17 Maar nu werd het woord van Jahweh tot Elias uit Tisjbe gericht:
Then the word of the Lord came to Elijah, the Tishbite, saying:
18 Sta op en ga naar Achab, den koning van Israël, die te Samaria woont; hij is in de wijngaard van Nabot, die hij in bezit is gaan nemen.
“Rise up, and descend to meet Ahab, the king of Israel, who is in Samaria. Behold, he is descending to the vineyard of Naboth, so that he may take possession of it.
19 Zeg tot hem: Zo spreekt Jahweh! Komt ge na de moord de erfenis in bezit nemen? Zo spreekt Jahweh! Op de plaats, waar de honden het bloed van Nabot hebben gelikt, zullen ze ook het uwe oplikken.
And you shall speak to him, saying: ‘Thus says the Lord: You have killed. Moreover you have also taken possession.’ And after this, you shall add: ‘Thus says the Lord: In this place, where the dogs have licked the blood of Naboth, they shall also lick your blood.’”
20 Maar Achab snauwde Elias toe: Weet mijn vijand mij weer te vinden? Hij antwoordde: Ja; maar enkel omdat ge u vermeten hebt, kwaad te doen in de ogen van Jahweh.
And Ahab said to Elijah, “Have you discovered me to be your enemy?” And he said: “I have discovered you to have been sold, so that you would do evil in the sight of the Lord:
21 En nu, zo spreekt Jahweh! Ik zal onheil over u brengen en u wegvagen; al wat man is in Achabs huis, slaaf of vrije, zal Ik uit Israël verdelgen.
‘Behold, I will lead evil over you. And I will cut down your posterity. And I will put to death of Ahab whatever urinates against a wall, and whatever is lame, and whatever is last in Israel.
22 Met uw huis zal Ik handelen als met het huis van Jeroboam, den zoon van Nabat, en als met het huis van Basja, den zoon van Achi-ja, omdat ge Mij hebt getergd en Israël tot zonde hebt verleid.
And I will cause your house to be like the house of Jeroboam, the son of Nebat, and like the house of Baasha, the son of Ahijah. For you have acted so that you provoked me to anger, and so that you caused Israel to sin.’

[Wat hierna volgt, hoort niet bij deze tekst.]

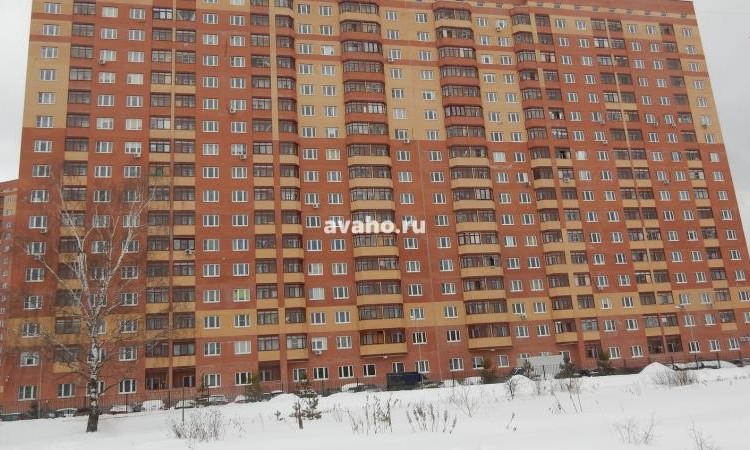 Микрорайон Новое Бисерово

23 En tot Izébel spreekt Jahweh: De honden zullen Izébel verslinden op de open plaats voor Jizreël!
And about Jezebel also, the Lord spoke, saying: ‘The dogs shall consume Jezebel in the field of Jezreel.

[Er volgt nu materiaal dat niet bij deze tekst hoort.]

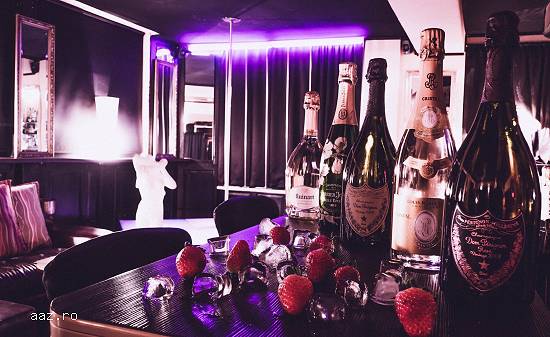 Cautam hostesse pentru Night Club Imperium din Zurich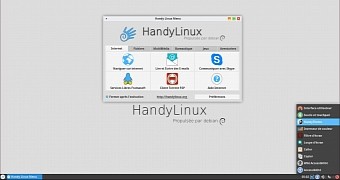 HandyLinux 2.4 released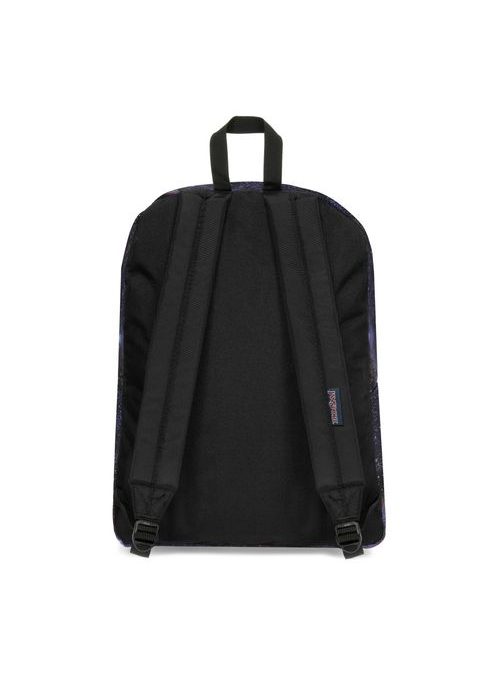 Égkék hátizsák Jansport SuperBreak One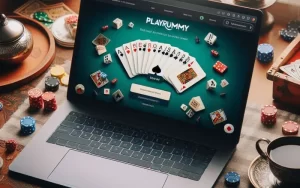 Play Rummy Online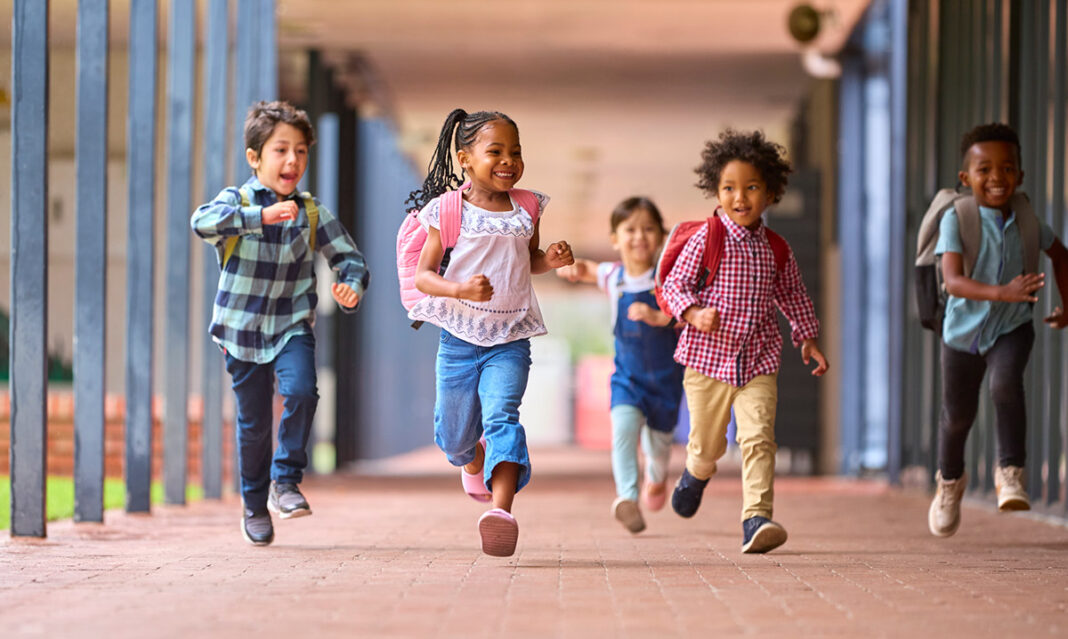 Most Diverse School Districts in Macomb County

24 Sterft er iemand van Achab in de stad, dan zullen de honden hem verslinden; en sterft iemand van hem op het land, dan zullen de vogels uit de lucht het doen!
If Ahab will have died in the city, the dogs will consume him. But if he will have died in the field, the birds of the air will consume him.’”
25 Want nooit heeft iemand zich als Achab vermeten, om kwaad te doen in de ogen van Jahweh, hiertoe verleid door Izébel, zijn vrouw;
And so, there was no other person similar to Ahab, who was sold so that he did evil in the sight of the Lord. For his wife, Jezebel, urged him on.
26 schandelijk heeft hij zich gedragen door waangoden te dienen, juist zoals de Amorieten deden, die Jahweh voor Israël heeft verjaagd.
And he became abominable, so much so that he followed the idols that the Amorites had made, whom the Lord consumed before the face of the sons of Israel.
27 Toen Achab deze bedreiging vernam, scheurde hij zijn klederen, trok een boetekleed aan en vastte; hij legde zich zelfs in het boetekleed te ruste, en liep peinzend rond.
Then, when Ahab had heard these words, he tore his garments, and he put haircloth on his body, and he fasted, and he slept in sackcloth, and he walked with his head downcast.
28 Nu werd het woord van Jahweh tot Elias uit Tisjbe gericht:
And the word of the Lord came to Elijah, the Tishbite, saying:
29 Hebt gij gezien, hoe Achab zich voor Mij heeft vernederd? Omdat hij zich voor Mij heeft vernederd, zal Ik hem het onheil niet tijdens zijn leven overzenden, maar onder zijn zoon zal Ik het over zijn huis doen neerkomen.
“Have you not seen how Ahab has humbled himself before me? Therefore, since he has humbled himself because of me, I will not lead in the evil during his days. Instead, during the days of his son, I will bring in the evil to his house.”